I have tried working on a couple of posts but have walked away from them because they feel DARK. I have reread some of my previous posts and they sound DARK. Why would anyone want to read my posts on the emotional and psychological impact of having a chronic illness when they are DARK and DEPRESSING?
So then I tried to figure out how to lighten up the posts I have been working on – maybe even make them funny. But having a chronic illness can make life pretty DARK and at this point in the progression of my acceptance I don’t want to sugar coat it. I have seen somewhat scathing reviews of books on coping that say “Just find the bright side.” or “Make lemonade out of lemons.” or “You will just need to deal with this.” There have been times when I have put those types of inspirational saying on my refrigerator but there have been other times when they make me angry. Sometimes they seem to overlook that we are on the dark side of a very huge mountain or the lemon we are holding is too big for us to manage right now, and we would deal with it if we knew how. Right now my daughter doesn’t want to hear any of the glib pieces of advise I could give her – that would make me feel like I was helping her but doesn’t. I’ve had to bite my tongue and it’s getting pretty sore.

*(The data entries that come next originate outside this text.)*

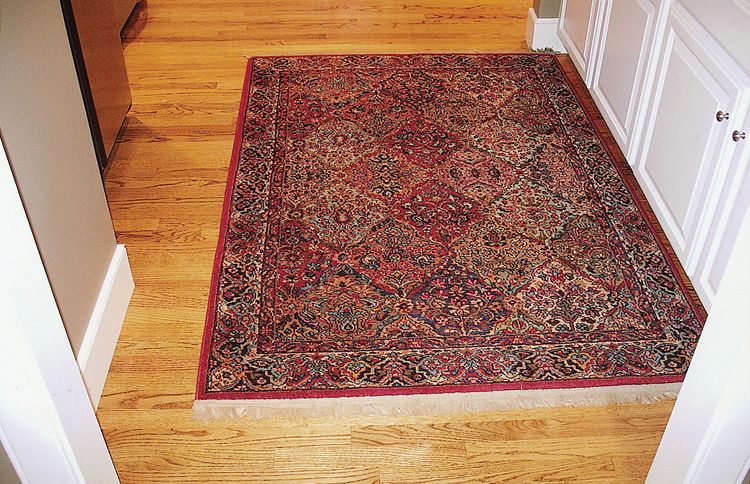 The rug has moved all the way from the hallway's left wall to the right wall, a distance of several inches.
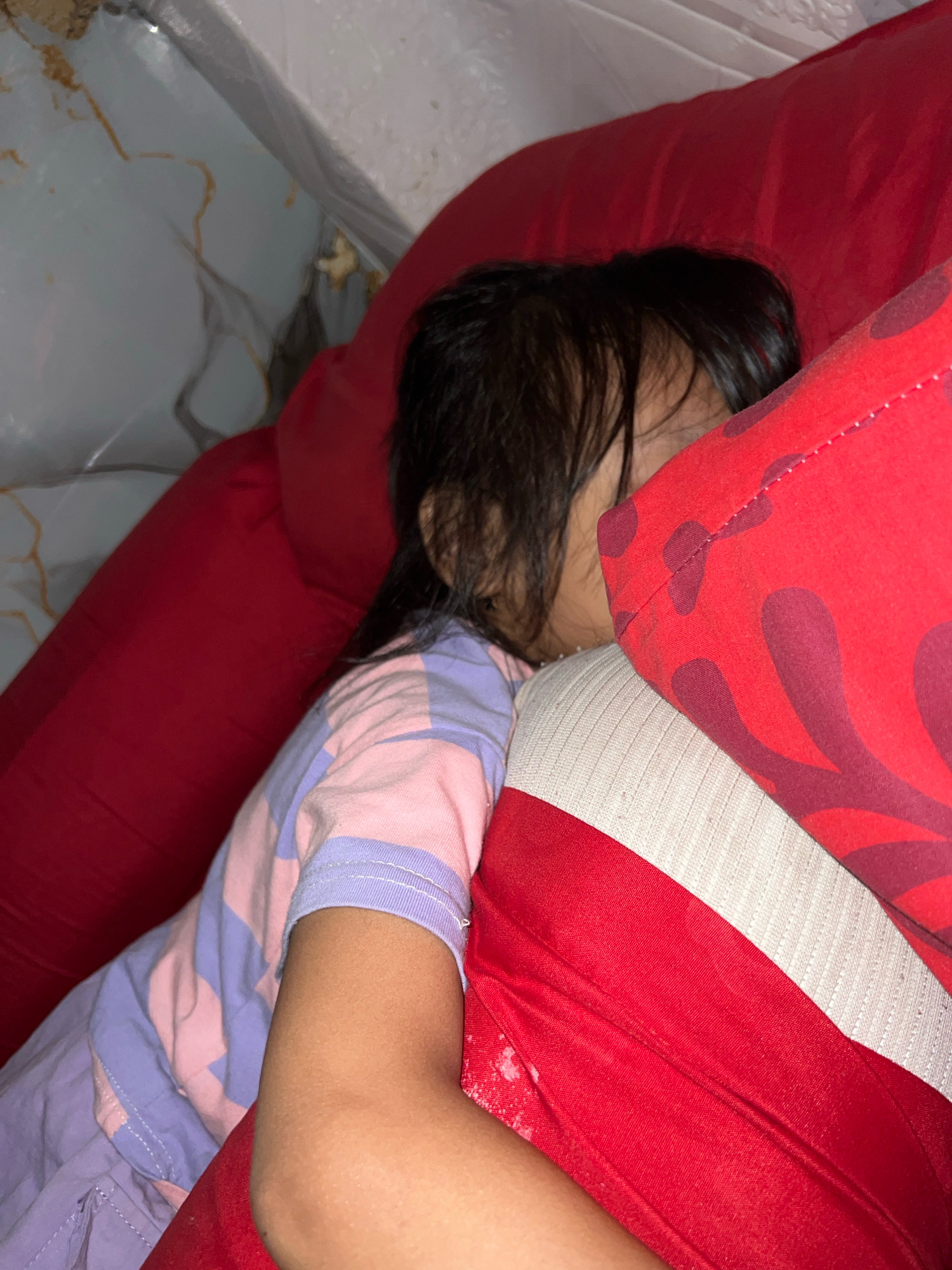 A young child is sleeping on a red couch in a home in Kecamatan Pati, Indonesia. The child is lying on their side, with their face partially obscured by their hair and a red pillow. They are wearing a pink and purple striped t-shirt. The couch appears to be made of a soft fabric, and there are other red pillows visible in the background. The room is dimly lit, and the overall impression is one of comfort and relaxation.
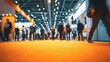© Ashi - Colorful blurred busy trade show hall with orange carpet, people walking and networking in large exhibition center, business fair environment, international marketing and professional networking event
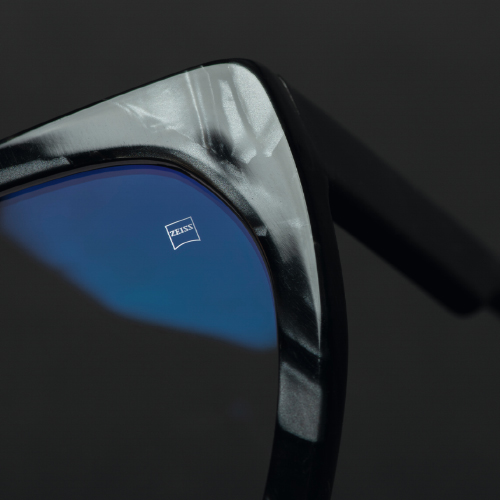 En närbild på ett glasögonglas i en svart båge med ZEISS synligt ingraverat. 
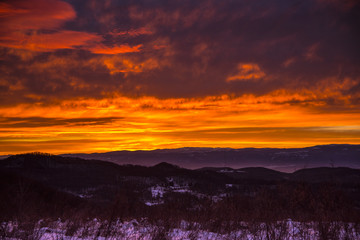 Fantastic colors of clouds at winter sunrise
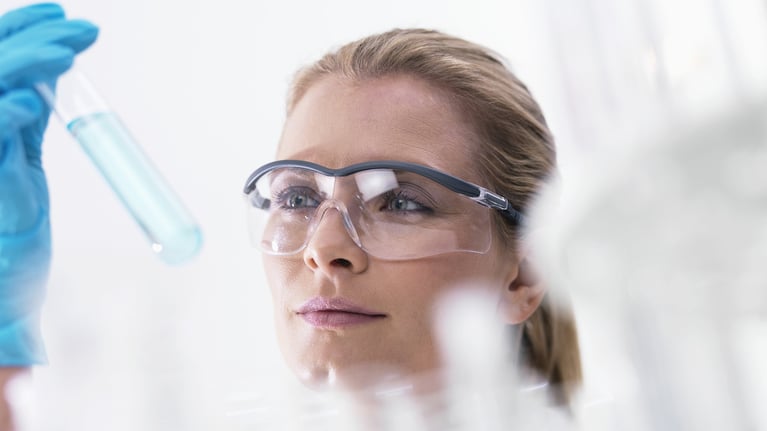 female scientist examining tube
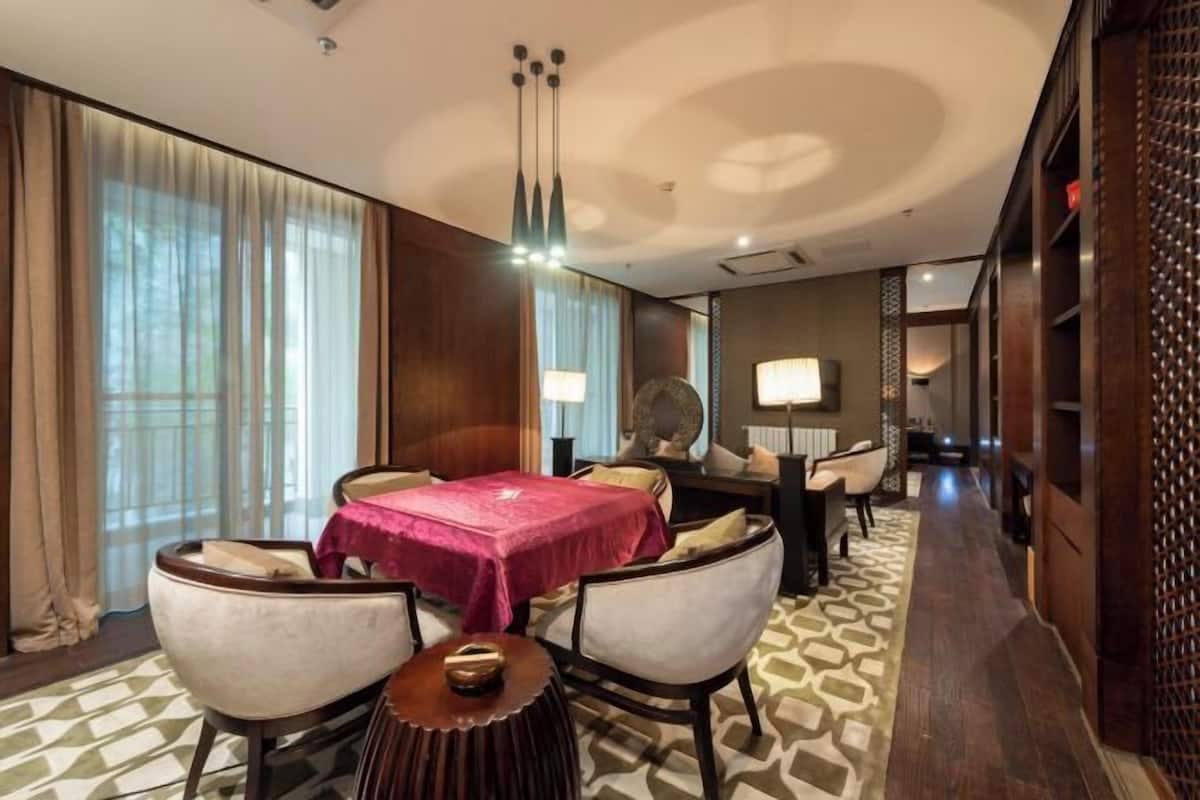 Une chambre d’hôtel avec un coin repas, une table ronde recouverte d’une nappe rouge et un tapis à motifs.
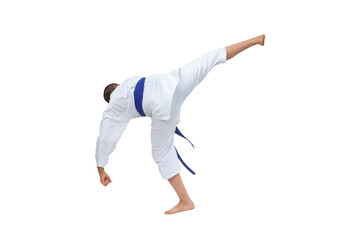 In karategi boy athlete beats kick on white isolated background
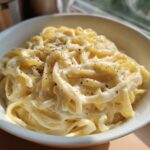 A close-up of fettuccine pasta coated in rich, creamy homemade alfredo sauce and topped with cracked black pepper.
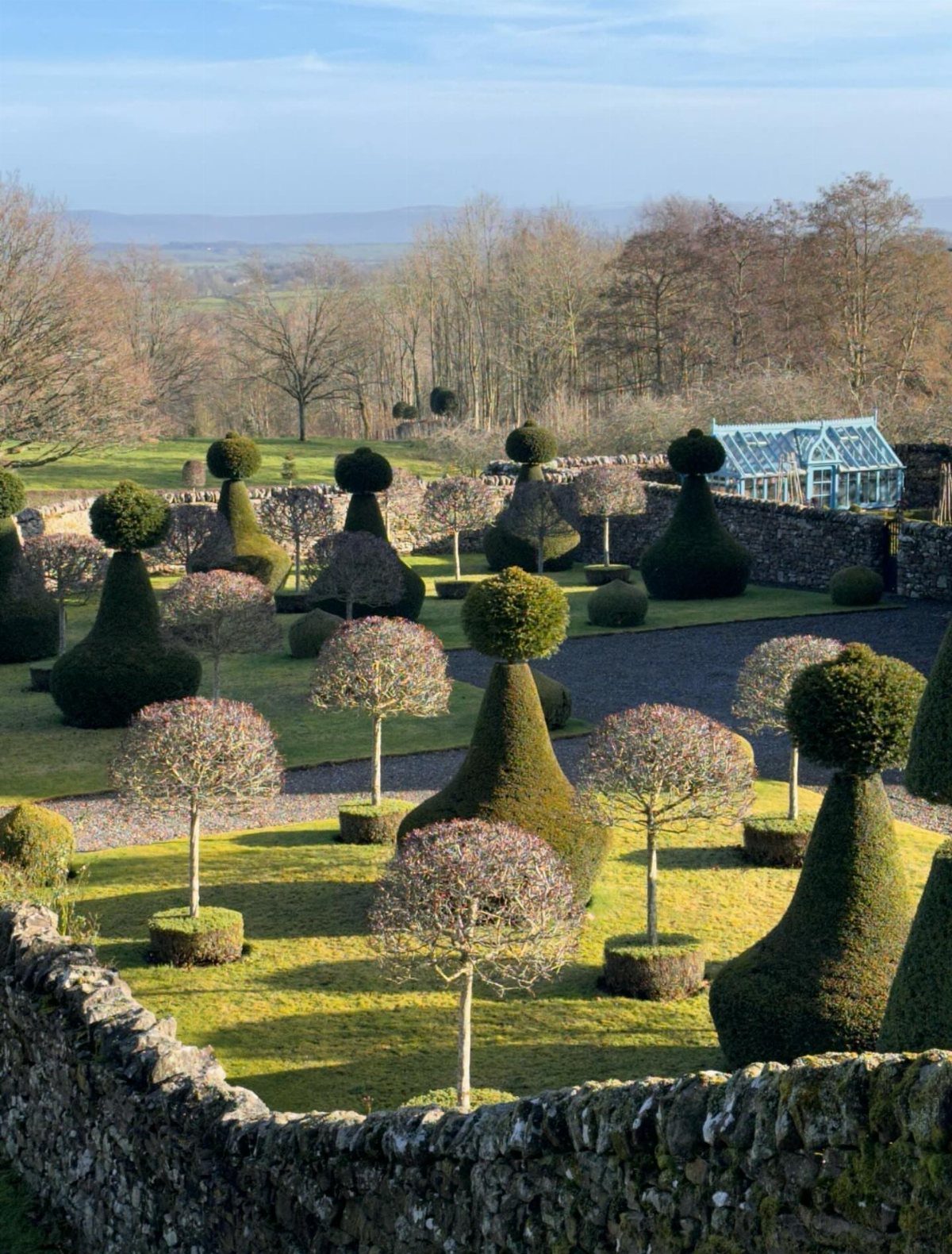 Manicured topiary shrubs in various geometric shapes scattered across a green garden lawn.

Here is my dilemma: I don’t want to insult people by making light of something that is emotionally painful, frightening, and frustrating. But I also am a person who usually thinks life is really funny. In fact I have gotten nasty looks when I’ve made jokes about things other people didn’t find funny at the time. I also can be somewhat irreverent about topics most people are embarrassed to talk about – and my friends usually enjoy this and egg me on, encourage me in my naughtiness. I don’t, however, joke about things like the holocaust or the devastation of having a chronic illness. I think DARK humor can veil a mean spirit.
Half of my own life work has been about helping people figure out the old beliefs about themselves and their world that are getting in their way of living life fully. My current goal is to help people re-write or modify their life story to include the changes that have to be made because of a chronic illness but to not let the chronic illness define their life story. Thank you for reminding me that this is what I did with my life and what I want to help other people do.
She goes on to say, “Our lives unfold like a good novel—but our lives can only be as good as we are aware of our character development and story line. If we don’t know or believe there is a design, will we see one?”
I was drawn into the idea that our life story involves “character development”. Many people have agreed that I am a “character” and I have enjoyed letting my character develop as I have been aging. One of the blessings of getting older is that you no longer worry as much about what other people think. We still have a social conscience but we don’t have as many “shoulds” and “oughts” or “shouldn’ts” and “oughtn’ts”. 🙂 Thank you for helping me remember that I am a character in development and my life goal now is to help other people develop into characters that have integrity and foster healthy relationships.
I can live with the ambiguity of living with the darkness of chronic pain while at the same time laughing at all that is funny in life. Maybe I’ll start a series of posts on what researchers tell us about the characteristics of people who are resilient, fully-functioning, and have secure relationships in adulthood. They are characteristics that help us live in the light while experiencing the dark.